1. Don't skimp. Pay $1,000 for good legal docs. It's ok to pass this expense to the borrower if they'll agree. In my deals, the borrower pays all fees.

2. Get an "Absolute Assignment of Rents." At least in my state, this means that if the borrower defaults on me, but brings renters into the property, I can approach the renters and tell them (legally) that they need to pay their rent to me, not the person they thought was their landlord.

3. Obviously maintain a first lien on the property.

4. There are note collection services that will collect principle, interest, property taxes, insurance, etc. in an automated way every month. I always insist the borrowers use the note service of my choice. Also these services will notify me if the borrower's insurance lapses. This is important in case the borrower makes a change, and then the house burns down. You don't want to be in that situation.

5. I'd put in a default interest rate meaning they can pay you 6% or whatever as long as they're in compliance, but if they miss a payment, the interest rate automatically jumps significantly.

Sounds like the borrower is pretty motivated in your case and likely things will turn out fine, but again, spend $1,000 and deal with a real estate lawyer who's familiar with what's likely to happen if the borrower declares bankruptcy. Find out if there's forced mediation in your state which would prevent easy foreclosure. Just make sure to dot the i's and cross the t's on this one. Good luck!
Really good advice, RJ. I would a provision that if they did not buy/finance the house after (is it 3 years?), the rate jumps from 6% to 7% and 1 percent each year, perhaps capping at 10%. Many put off the financing until the last minute, so the penalty phase helps keep them motivated.
 
Another option is that you execute an “agreement for deed”. You retain title to the property until the buyer makes the final payment. Then you execute a deed to the buyer. This is a common method of conveying seller financed property. Make sure there are provisions for payment of real estate taxes and that the property is insured by the buyer. I bought a vacant lot by “agreement for deed” (seller financed) and it went smoothly.
 
You did not mention their credit score. Did you check? And look at the actual credit history?
15 percent down is not much if the buyer has problems. Between missed payments, rehab if property is damaged, repossetion and rehab costs you will lose money if you have to foreclose.

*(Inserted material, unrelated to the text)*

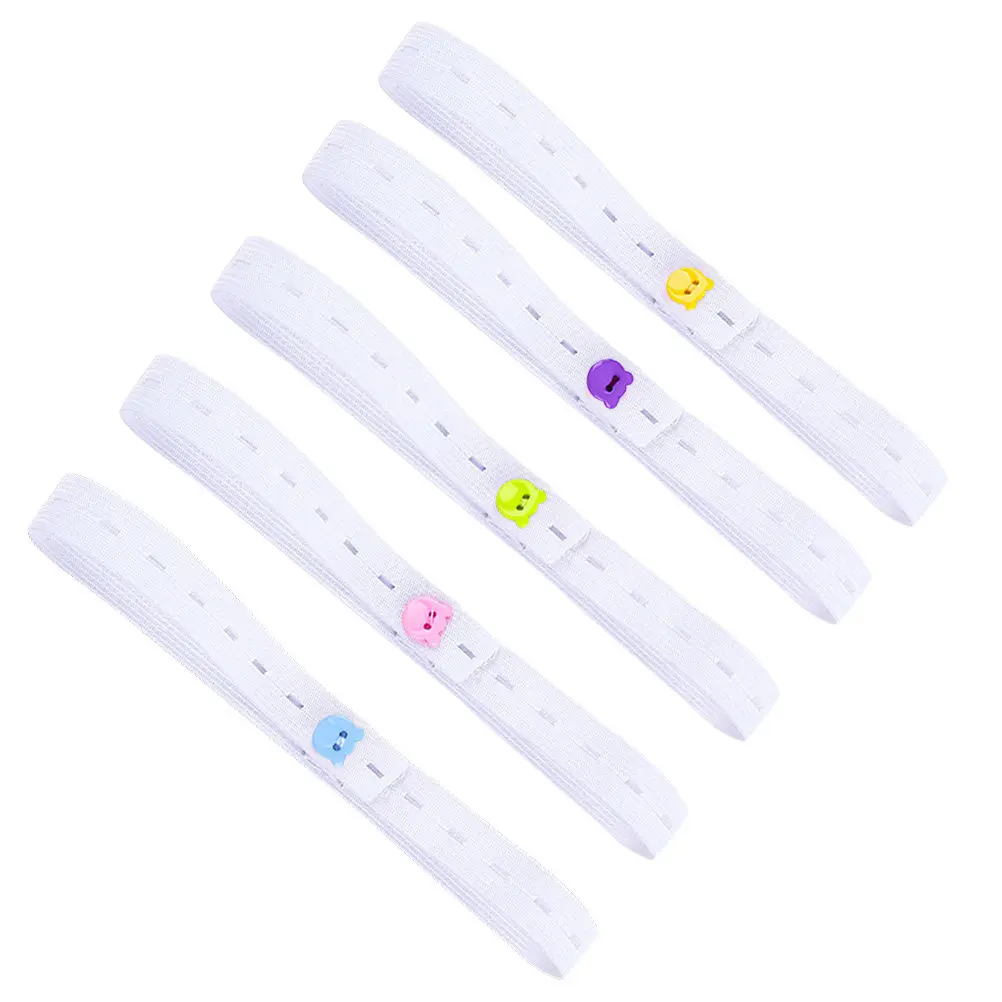 20Pcs Infant Diaper Tape Premium Soft Polyester Comfortable Buckle Fastening Belt Adjustable Elastic Diaper Strips for Baby Skin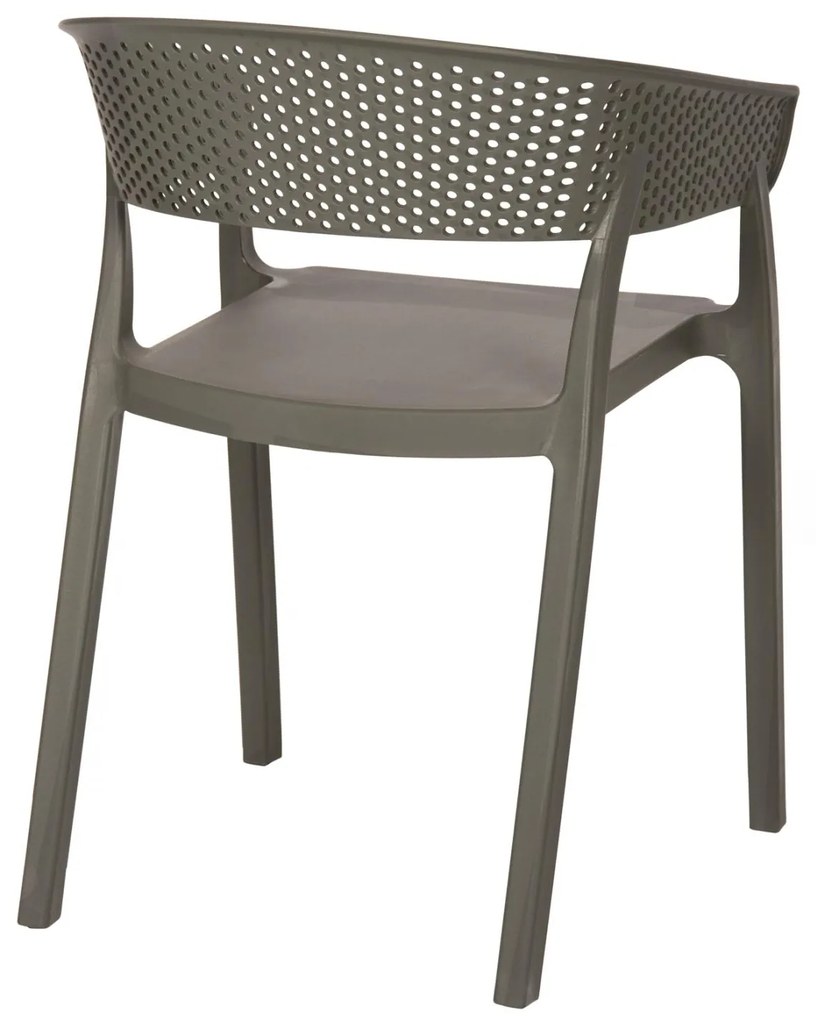 ΠΟΛΥΘΡΟΝΑ ΠΟΛΥΠΡΟΠΥΛΕΝΙΟΥ PERFOE  DARK OLIVE 53,5x50,5x73Υεκ. 53.5x50.5x73 εκ.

I like the poster who said rent to own. Esp if ur realtor sucks you dont have to pay them for not getting the job done. Less risk for you, and frankly for the buyer as well. Be sure to offer them 3-5 years to get it owned. Even if they have credit issues they can clean them up in that time unless they had bankruptcy or foreclosure in which case you should never seller finance anyway.
 
Personally I'd ditch these buyers in a heartbeat, get a new listing agent who knows what he is doing, put it back on the market, and sell it to someone with good financing lined up. I can think of no good reason to put up with these worries and problems. Sell it to a qualified buyer, take the money, and go enjoy your life.
 
OP Update:
The reason for financing issues is 1 of 2 owners is commission only, with less than 2 years of history. Another few months and he would be OK to qualify. Credit are OK high 600's and low 700's. They are buying it for investment. Rents in the area are good, and they are getting a deal.

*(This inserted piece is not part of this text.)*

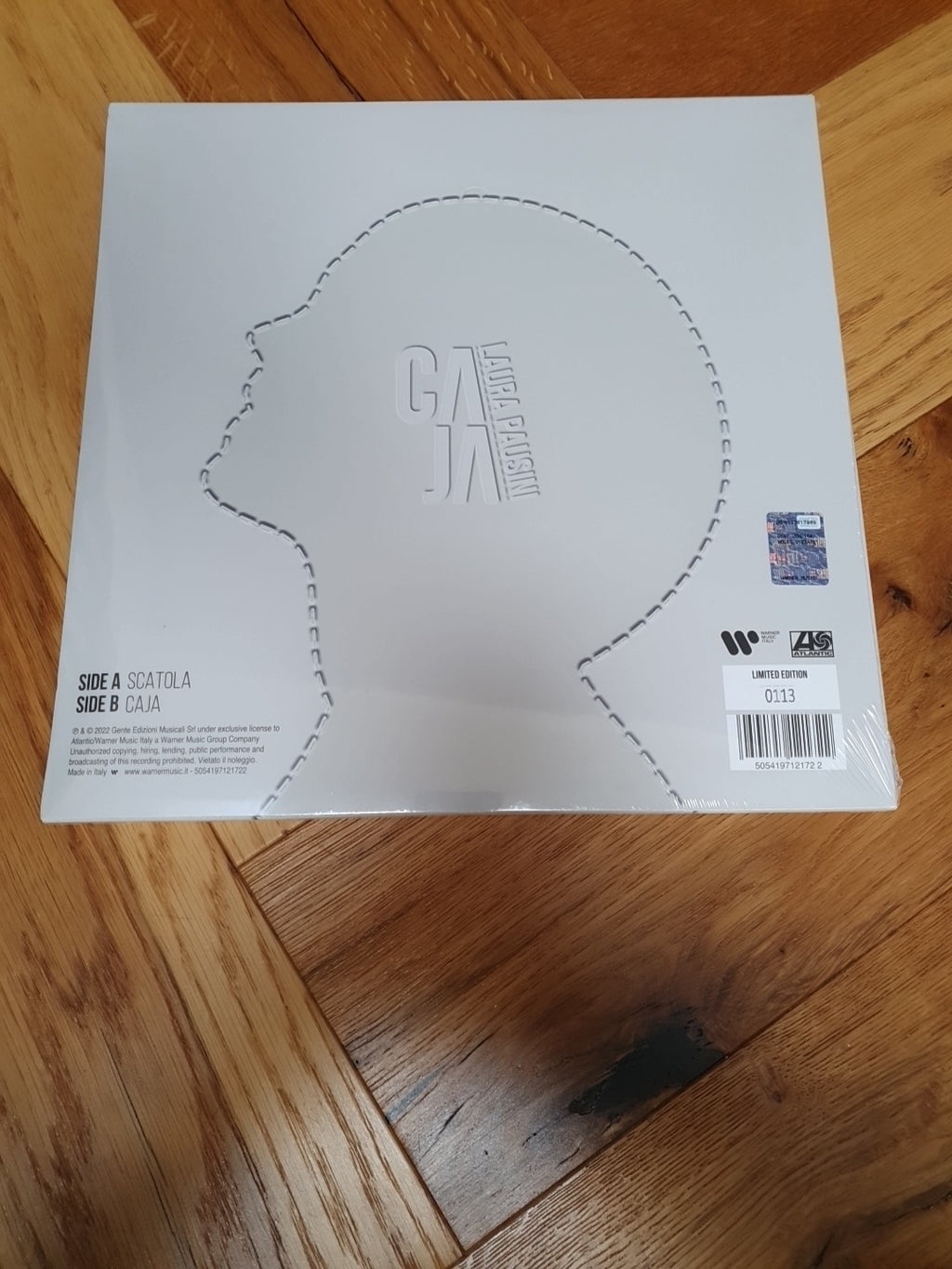 Laura Pausini Scatola / Caja - Limited Edition No. 0113 - 12" Vinyl Record New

Selling the house is in preparation for estate trust planning. Delaying the sale can cost the estate $10K+ per month, so I'm pretty motivated to get her done now.

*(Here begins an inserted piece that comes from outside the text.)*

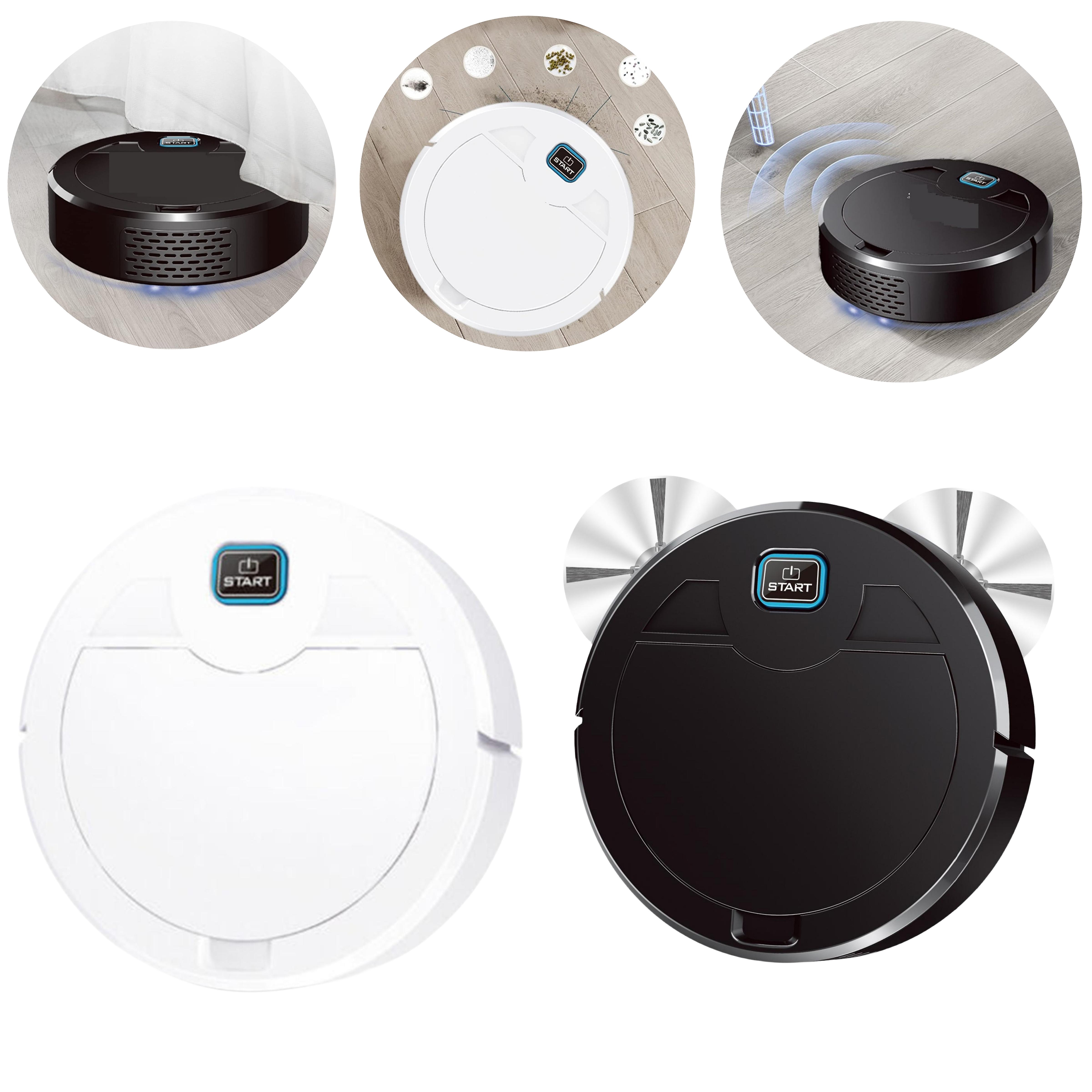 Robotic Vacuum Cleaner Strong Suction Automatic Self Charging Intelligent Sweeping Robot White Single Suction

Contract for deed, though a better solution in most instances, has a negative tax consequence of gifting the cost basis, and realizing a $70K capital gain.

Property destruction: The property is in pretty bad shape already. I was looking at 60 days and about $10K in materials just to get it to attract first time buyers.

The original realtor really jammed me up, by telling me it would sell quickly as is, so I didn't do a thing. Then he brought and encouraged acceptance of offers in the 30%-50% under asking. I wasted 3 months counting on him to do his job. When this deal fell through the day before close, I was screwed. He brought me 2 more offers back in the 30% below his listing price, within hours. He encouraged me to accept a first time buyer with 5% down, basically setting me up for another potential repeat in 30 days. He really wasn't watching out for my best interest, so i worked with the only buyer I could get my hands on, and completed the deal.